The proposal would have authorized the Department of Veterans Affairs to charge private companies for treating injuries and other medical conditions related to military service, such as amputations, post-traumatic stress disorder and other battle wounds. The measure was intended to save the VA about $530 million a year, but the administration's pursuit of third-party billing sparked resistance from leaders of powerful veterans groups, who met earlier this week with Obama.
In a statement released this afternoon, White House Press Secretary Robert Gibbs said the president has "instructed that its consideration be dropped."

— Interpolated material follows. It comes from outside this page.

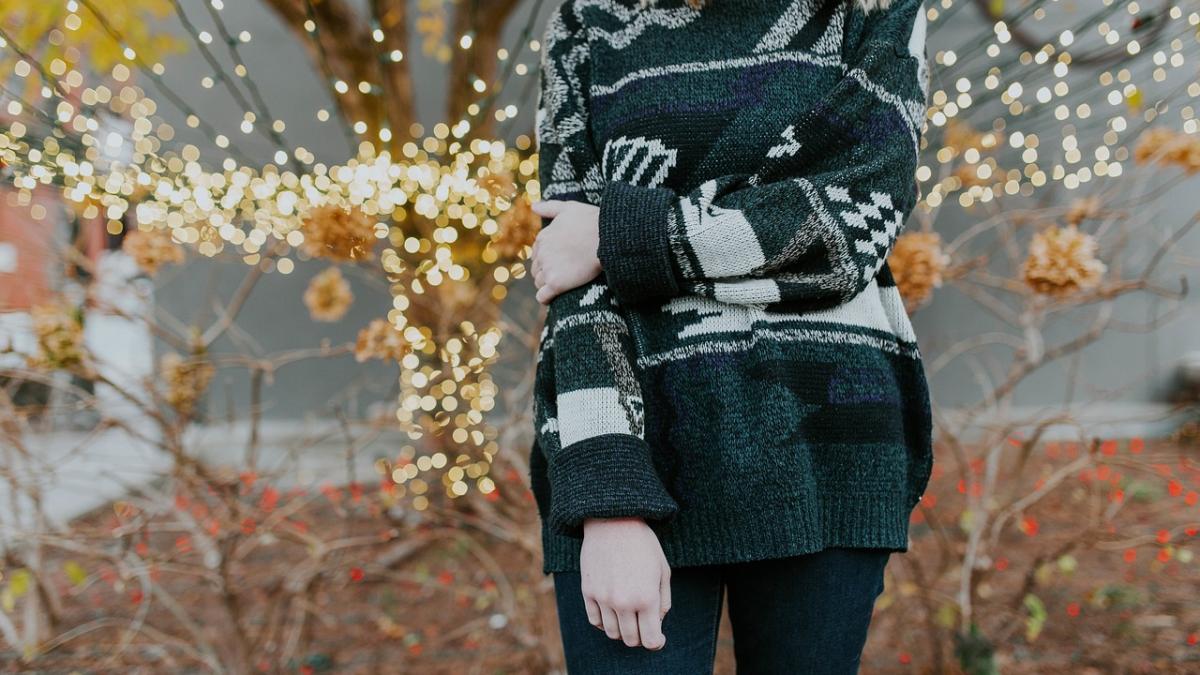 Девушка в оверсайз свитере Девушка в оверсайз свитере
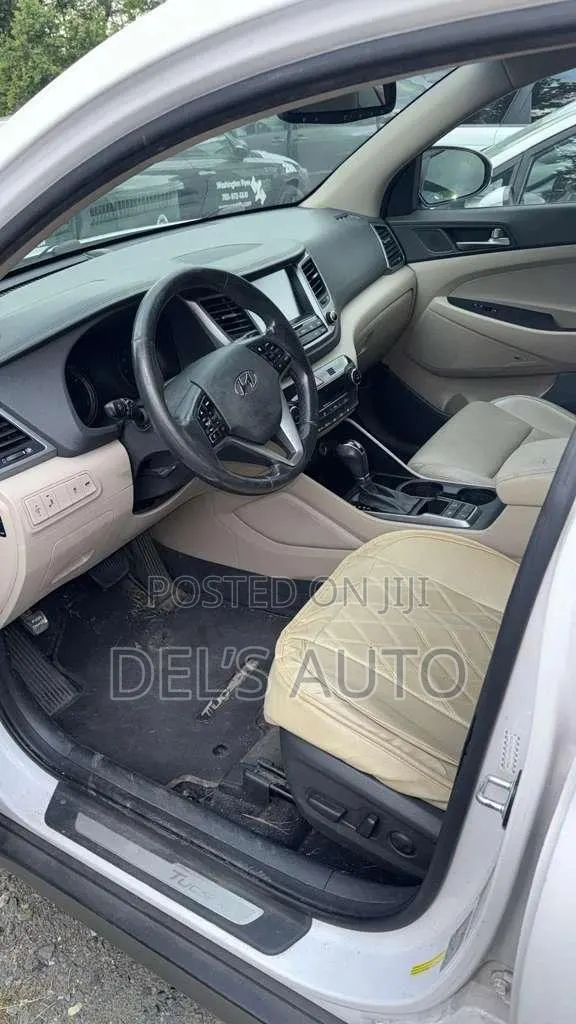 Hyundai Tucson Limited AWD 2017 White · Photo 8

"I got the distinct impression that the only hope of this plan not being enacted," said Commander Rehbein, "is for an alternative plan to be developed that would generate the desired $540-million in revenue.
While the "insurance" proposal may disappear, there is another proposal that shouldn't have disappeared... and that's "advance appropriation" for the VA budget.
It is nowhere to be found... and that's a big problem.
While campaigning for the Presidency, Obama promised to support mandatory funding for VA healthcare. I even have a copy of the signed pledge. Then, he backed away from that and talked of full funding. Then, he said he supported the "advance appropriation" concept (where VA gets its budget a year in advance), and now he's backed away from that.
This is an issue where we must hold Obama's feet to the fire.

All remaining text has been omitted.